---------- DATA FOR REVIEW ----------

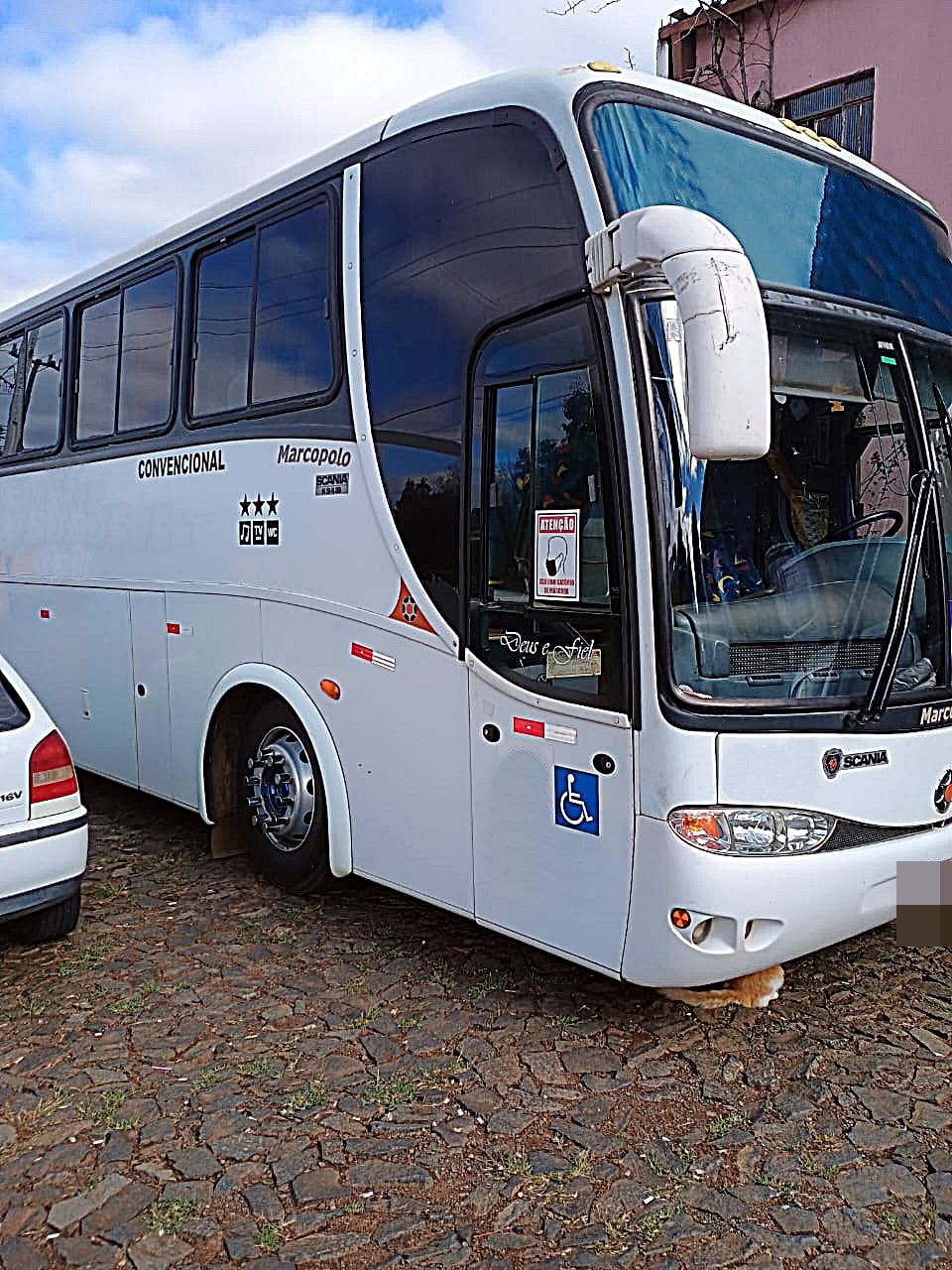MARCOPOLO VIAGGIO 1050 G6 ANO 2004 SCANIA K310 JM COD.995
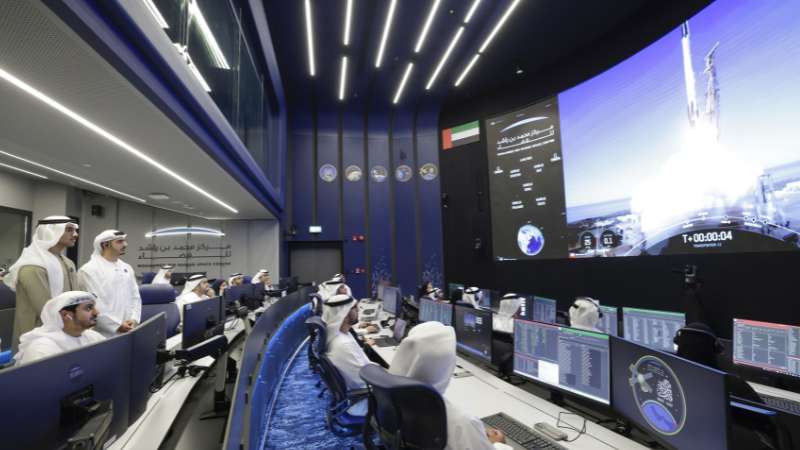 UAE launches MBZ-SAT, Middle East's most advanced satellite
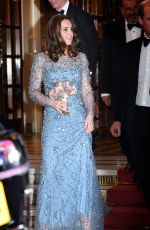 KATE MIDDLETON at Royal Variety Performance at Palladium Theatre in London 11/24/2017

----------
---------- DATA FOR REVIEW ----------

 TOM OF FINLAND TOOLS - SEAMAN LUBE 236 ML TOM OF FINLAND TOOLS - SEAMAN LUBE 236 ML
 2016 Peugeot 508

----------
---------- DATA FOR REVIEW ----------

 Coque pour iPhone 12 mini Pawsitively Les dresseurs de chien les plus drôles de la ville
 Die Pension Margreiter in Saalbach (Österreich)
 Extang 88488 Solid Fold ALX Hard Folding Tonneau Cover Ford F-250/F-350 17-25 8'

----------

▶ REQUIREMENT
Going back to the entries above, set down exactly the lines that begin at the one with "Die Pension Margreiter" and end at the one with "Extang 88488 Solid", both included, and nothing else.

▶ TASK ANSWER
 Die Pension Margreiter in Saalbach (Österreich)
 Extang 88488 Solid Fold ALX Hard Folding Tonneau Cover Ford F-250/F-350 17-25 8'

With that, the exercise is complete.